“When he was at table with them, he took the bread and blessed, and broke it, and gave it to them. And their eyes were opened and they recognized him; and he vanished out of their sight” (Luke 24:30-31).
+In the Name of the Father, and of the Son, and of the Holy Ghost, Amen.
“When he was at table with them, he took the bread and blessed, and broke it, and gave it to them. And their eyes were opened and they recognized him; and he vanished out of their sight” (Luke 24:30-31).
Last Sunday, the Second Sunday of Easter, the Gospel took us to the Upper Room on Easter night and to the Sunday thereafter where and when the Risen Lord stood before the Apostles showing them the marks of His Crucifixion after walking through the locked doors in His resurrected body. At the time of His second appearance, you will remember that He asked Thomas to physically touch His wounds.

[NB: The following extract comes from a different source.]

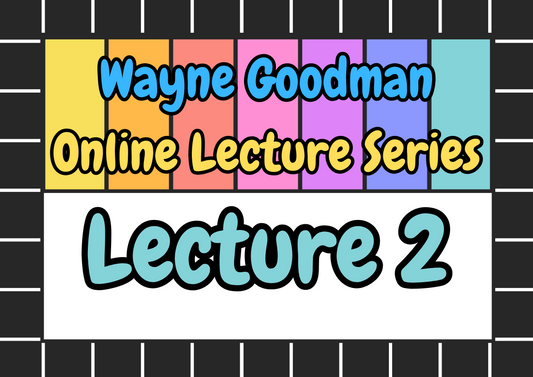 Online lecture Series - Lecture Two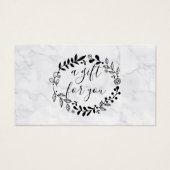 ウッドランドエレガントガーランド大理石ギフト券 (正面)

Today we are still at Easter Day as two of Jesus’ followers (two of His disciples, for the word “disciple” means “follower) are walking on the road to the village of Emmaus. Suddenly, “Jesus himself drew near and went with them. But their eyes were kept from recognizing him.”
How could they not recognize Jesus? They had once been in His presence to hear His preaching and teaching, or possibly to have witnessed a miracle. If His appearance and human properties were visibly different in His resurrected state, wouldn’t that have at least startled them? We don’t exactly know what was happening because we weren’t there, but either their own spiritual state of despair and confusion had cast a pall on their ability to see who was walking with them, being so consumed with their own state of mind and spirit; or Jesus Himself exercising divine power caused them at this point not to see or to know Him. Or possibly something else had not yet happened to enable them to see and know.
We know that as the three of them walked together, Jesus took them through the scriptures after He had named their state of mind and spirit, and after He had challenged their understanding of what had unfolded in the past few days – “O foolish men; and slow of heart to believe all that the prophets have spoken! Was it not necessary that the Christ should suffer these things and enter into his glory?”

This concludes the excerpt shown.